Coal is stuck in a massive downturn. Prices and demand for coal have declined at the same time, creating a one-two punch that has pushed many coal companies to the brink and beyond. The reasons for the collapse include rising public and regulatory scrutiny of coal, plus extremely low natural gas prices, which prompted traditional end-users like utilities to switch to natural gas.
The coal industry was hit again last week, when Peabody Energy officially filed for bankruptcy. Peabody, which was founded in 1883, was the largest private-sector coal company in the world at one point.
Several bankruptcies have come to pass in the coal industry in just the past two years. But one coal company remains in relatively good standing: Alliance Resource Partners (NASDAQ: ARLP). For investors with a high degree of risk tolerance, Alliance might be the only stock worth considering in the entire industry.
Coal Industry on the Brink
The situation unfolding in the coal industry could be best summed up as an unmitigated disaster. Coal companies are going bust at an alarming rate: Peabody Energy is joined by Alpha Natural Resources, Patriot Coal, Walter Energy and Arch Coal in bankruptcy.
These companies were felled by high costs and exorbitant debt loads. It might sound crazy to suggest, but the other coal companies’ pain could be Alliance’s gain. With so many other companies going down, Alliance Resource Partners can scoop up assets on the cheap. For example, last year it acquired 3.7 million tons of Illinois Basin supply from Patriot Coal.
One reason that Alliance has survived thus far is the unique operating advantage of its low-cost structure. Its coal mines are located close to its customers, which helps keep production and transportation costs low. In addition, it focuses on thermal coal from the Illinois Basin, where economics are better than other areas.
As a result, the company has remained profitable. Alliance still earned $306 million in profit last year, despite the broader industry downturn. It realized record volumes of coal produced and sold, which is impressive given what a terrible year it turned out to be for the commodity.
Amazingly, Alliance Resource Partners has not cut or eliminated its distribution to this point. Management kept the dividend unchanged last quarter. Previously, it had increased its distribution for the past 29 quarters in a row. But in light of the industry’s woes, it’s reasonable to wonder if and when the company will be forced to slash its payout.
Since earnings per share were down 55% for 2015, Alliance’s $2.70 per unit distribution was not covered by EPS. This is a troubling sign that the payout is unsustainable. But management often points to distributable cash flow, a non-GAAP equivalent to earnings per share that excludes certain non-cash items. On this basis, Alliance generated a distribution coverage ratio of 1.49, which indicates it generated 49% more distributable cash flow than it paid in partner distributions. That casts its distribution in a much better light.
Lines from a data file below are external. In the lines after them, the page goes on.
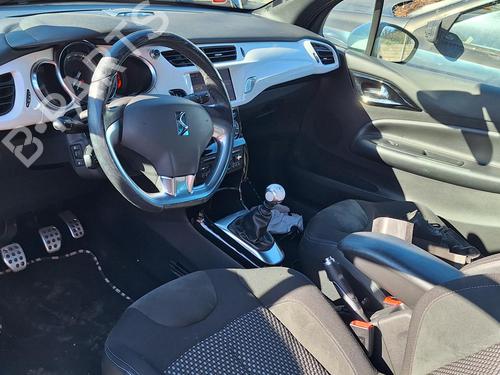 Shift knob CITROËN DS3 (SA_) 1.6 THP 155 | BP27318268I34  - Image 14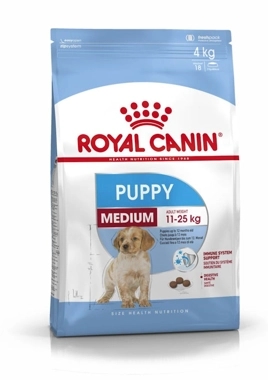 Royal Canin Medium Junior (4kg)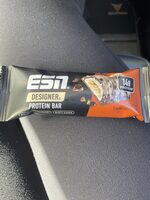 Designer Bar Hazelnut Caramel Flavour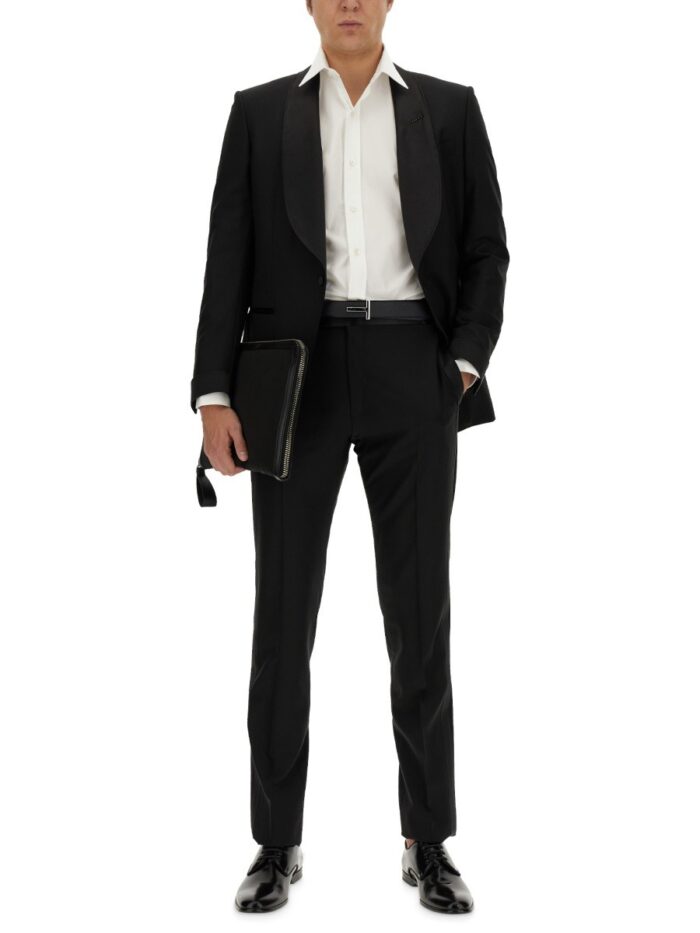 TOM FORD SLIM FIT SHIRT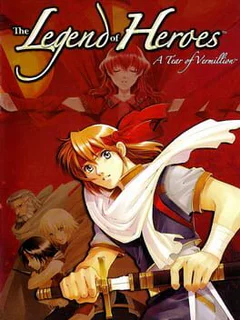 The Legend of Heroes: A Tear of Vermillion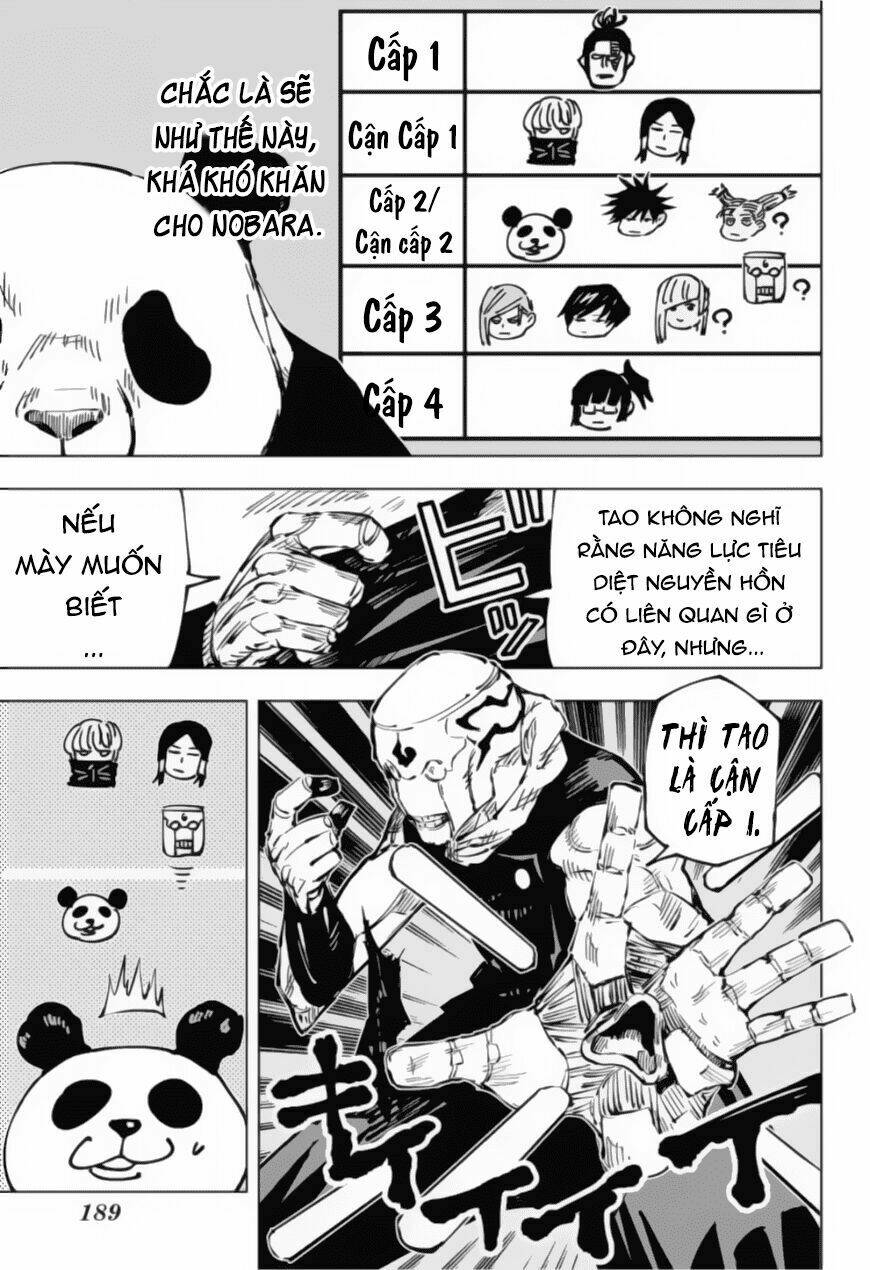 Chú Thuật Hồi Chiến Chapter 38 - Trang 2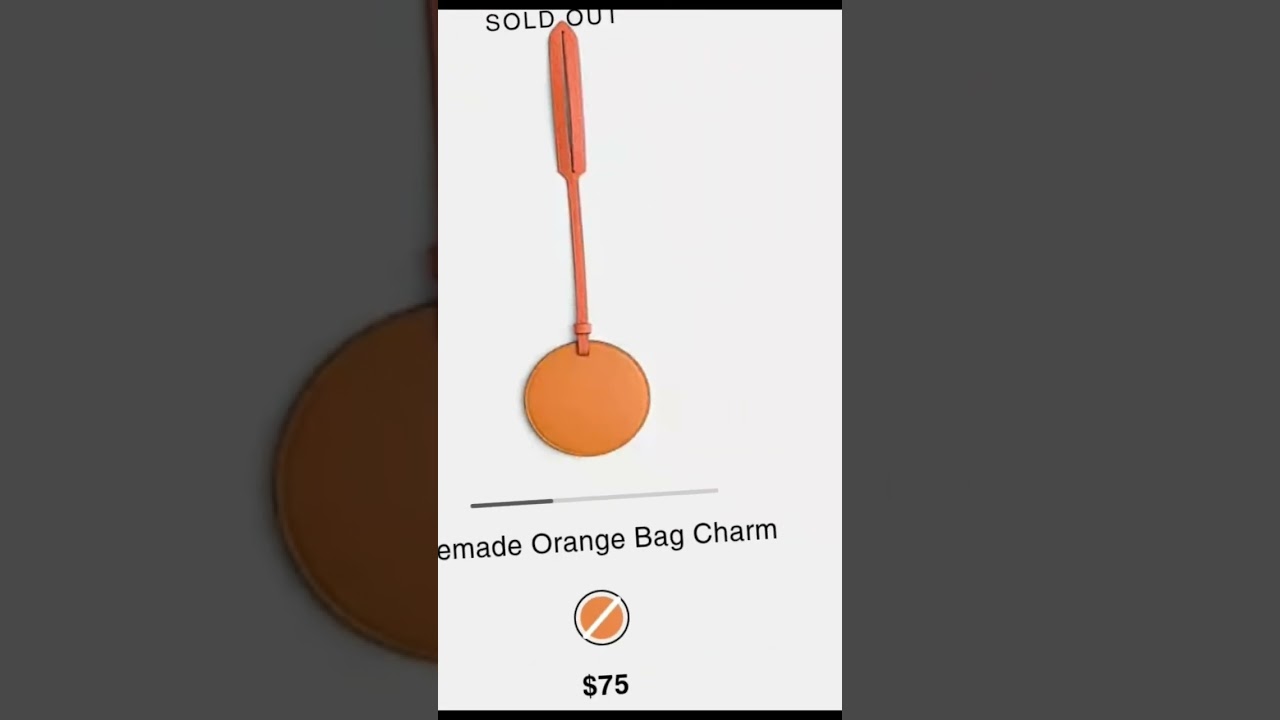 Coach Retail (reloved) Drop 🍎🍊🍋🍐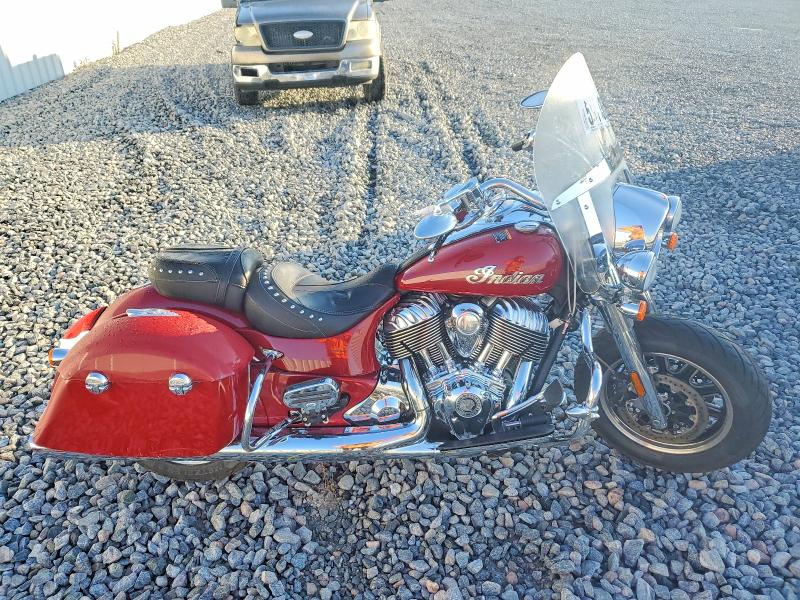 58193626 :رقم المزاد ، 56KTHAAA6H3346514 vin ، 2017 Indian Motorcycle Co. Springfield مزاد بيع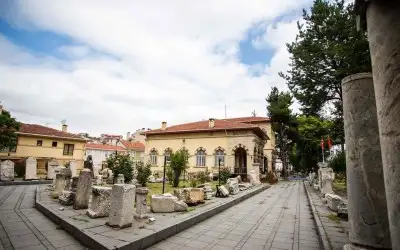 Kastamonu Arkeoloji Müzesi
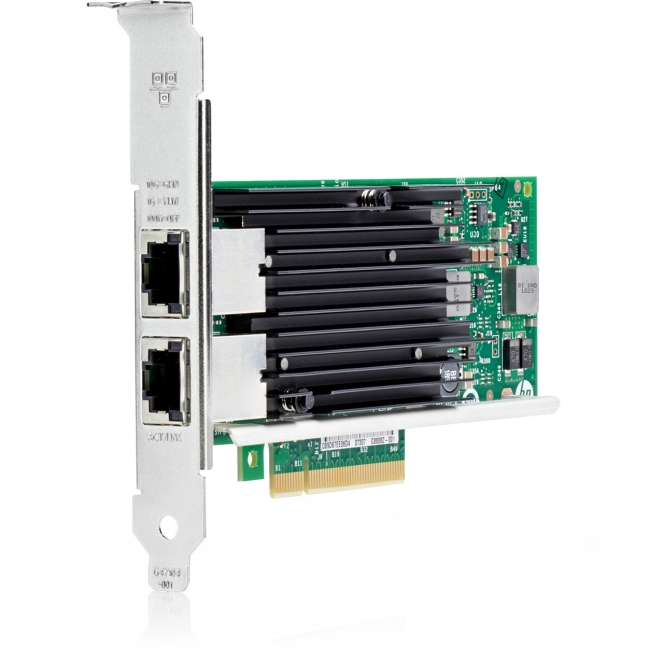 HP Ethernet 10Gb 2-Port Adapter 716591-B21 561T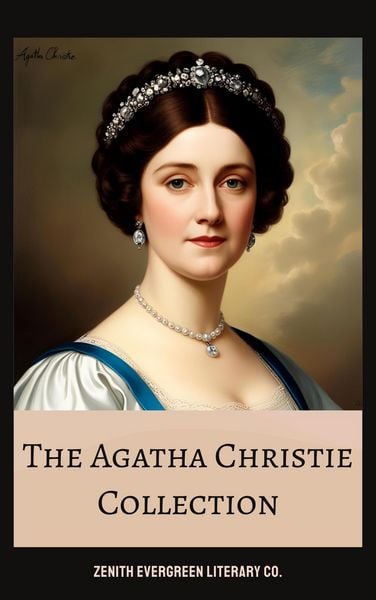 Produktbild: The Agatha Christie Collection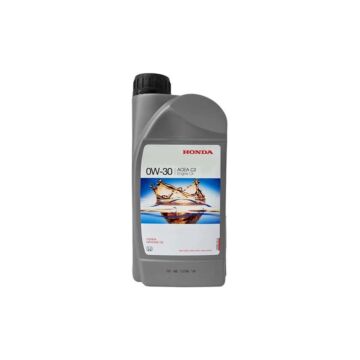 OEM Honda 1L Diesel motoröl 0W30 C2 (Honda Civic/CR-V/FR-V/HR-V) | 08232-P99-T1LHE | A4H-TECH / ALL4HONDA.COM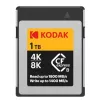„Flash“ atmintinė Kodak 1TB CFexpress Type B EKMCFX1TK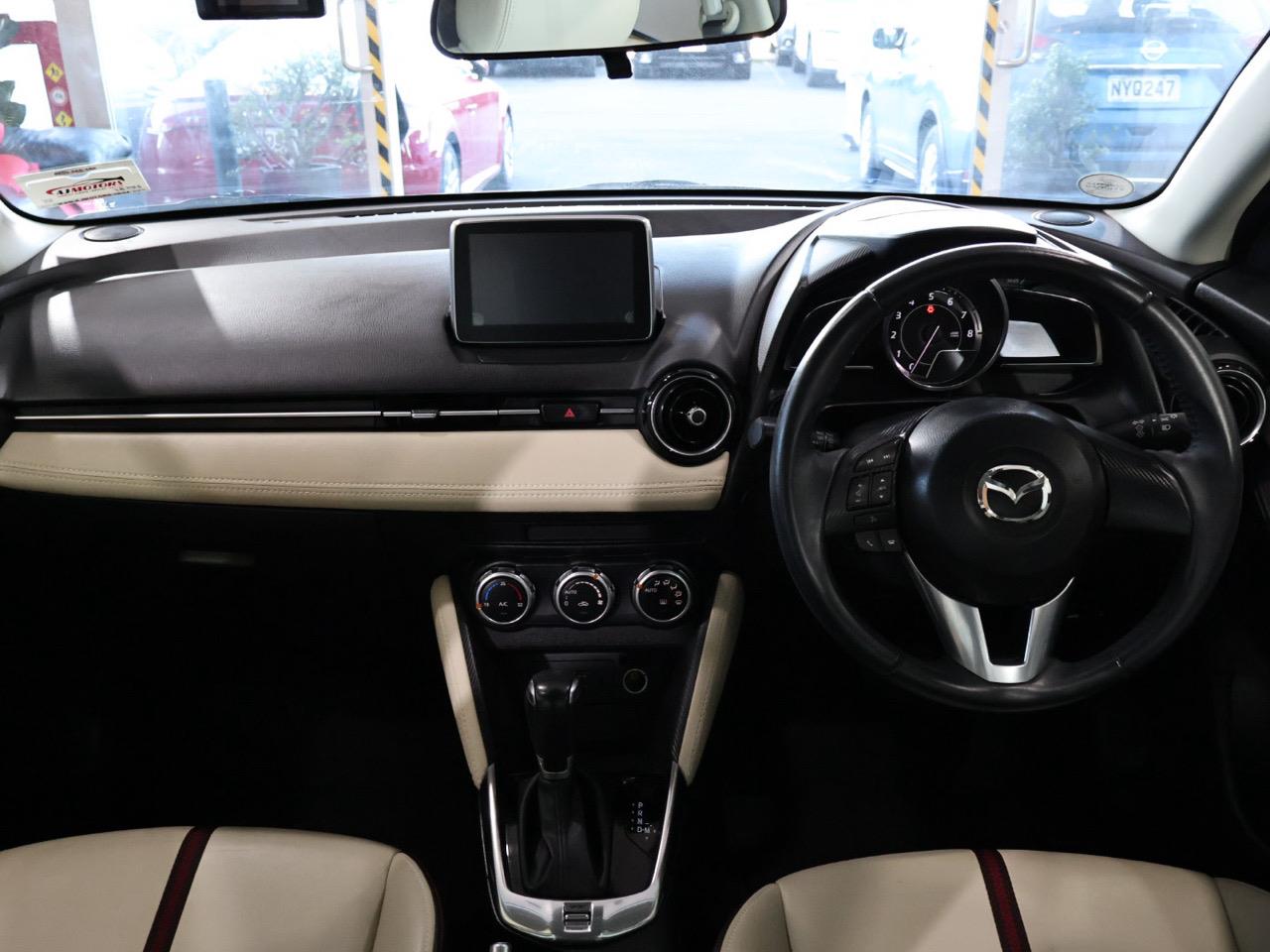 2015 Mazda Demio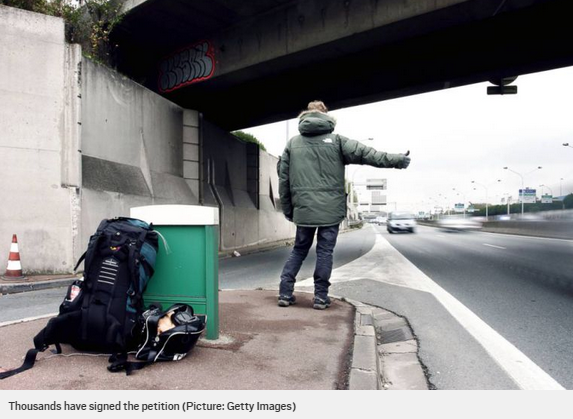 MetroUK's tweet photo. Thousands of Northerners sign petition for north of England to join Scotland http://t.co/erq7w6hZ3v http://t.co/ba3yVaZPLY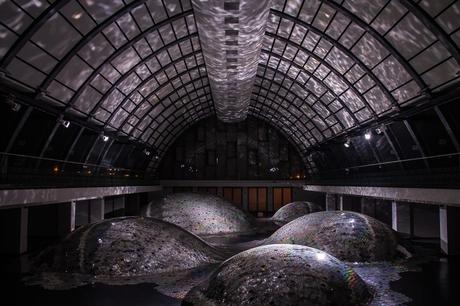 ARTE: Paesaggio Re-play | Waste Landscape 4 by Elise Morin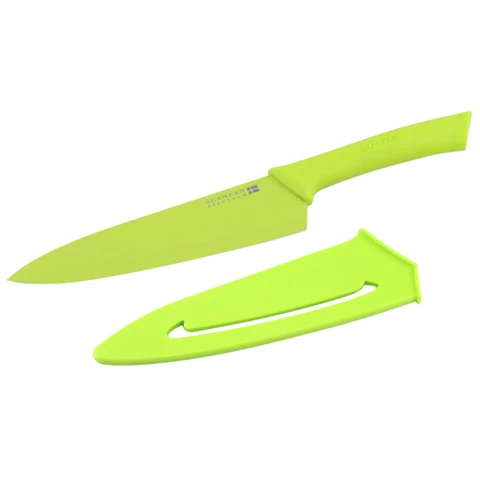 Scanpan - Spectrum Cook's Knife Green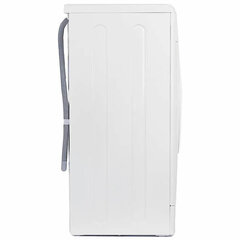 Стиральная машина INDESIT EWSB 5085 CIS, 800 об/<wbr/>мин, 5 кг, фронтальная загрузка, 16 программ, белая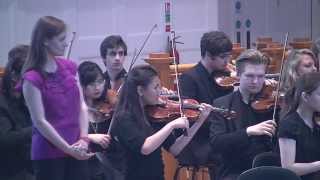 RCM Sparks Lunchtime Concert for Schools at the Royal College of Music [upl. by Yelyah707]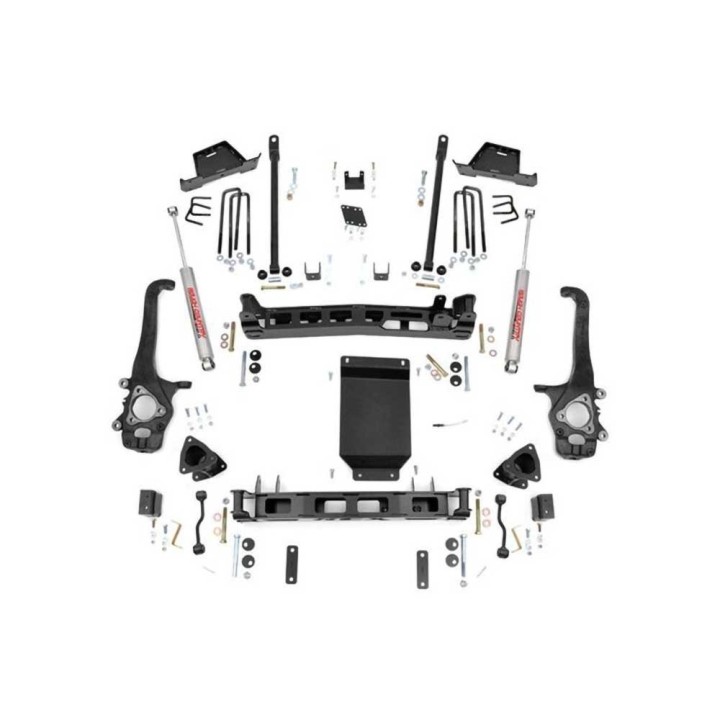 Suspension kit Rough Country Lift 6"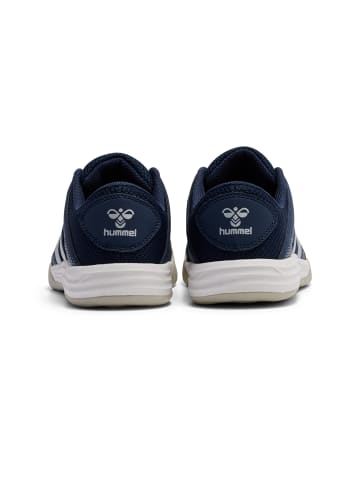 Hummel Hallenschuh Multiplay Stable Innenbereich Kinder in BLACK IRIS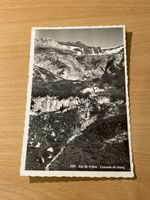 Col du Pillon Cascade Dard, Vintage Ansichtskarte, Top!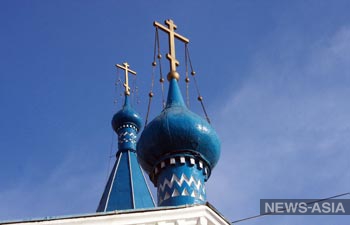 В столице Киргизии пытались ограбить Свято-Воскресенский кафедральный собор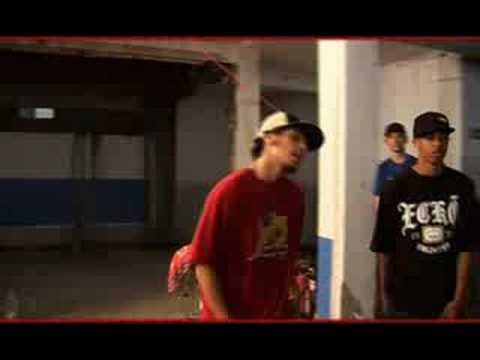 King Jordz & G-Dash vs Ezra & Truth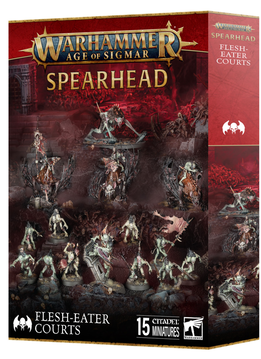 Spearhead: Flesh-Eater Courts (23 mars 2024)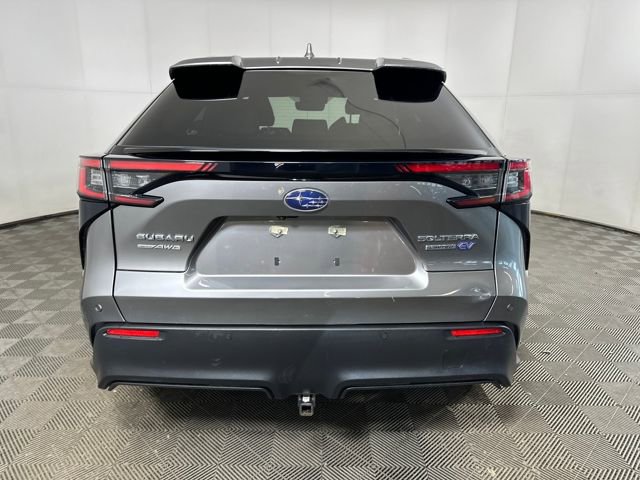 Used 2023 Subaru Solterra Limited image 4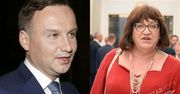 Andrzej Duda zawetował ustawę dotyczącą transseksualistów. Anna Grodzka ma wielki żal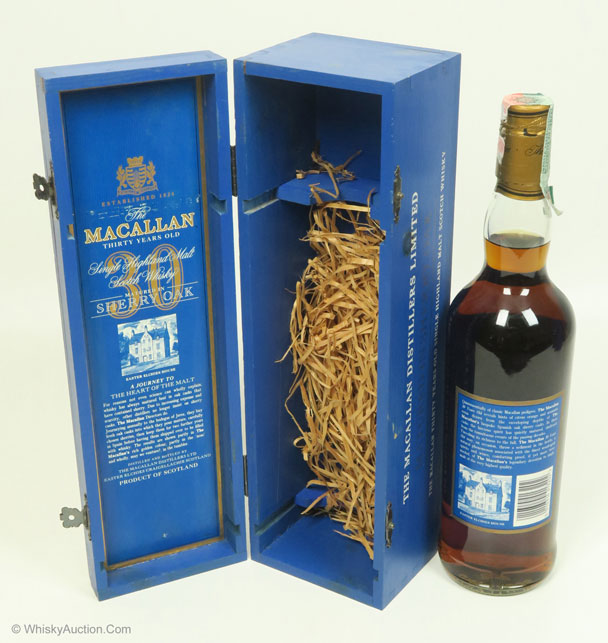 Macallan laser code 2b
If Alliance can somehow make it through this crisis without cutting the distribution – however unlikely that may seem – it would be a compelling investment. The $2.70 per unit distribution results in a whopping 18% yield right now.
Such a huge yield is a clear sign that investors don’t want to touch this stock. The units are down 52% in the past year. That speaks to the severity of the current crisis, and the great deal of uncertainty surrounding the coal industry.
The Last Man Standing?
With so many coal companies going bust left and right, it’s reasonable to assume the entire industry is on its way out. This could indeed be the end result, if the trends continue. However, if there are any survivors, Alliance Resource Partners is likely to be among them.
Alliance’s 18% yield could certainly be cut in the near future if the economics in the coal industry continue to deteriorate. The market is clearly not convinced in the company’s future prospects: units trade for just 7 times earnings.
But if the coal industry bottoms and sees any recovery, Alliance could be a deep-value play for contrarian investors.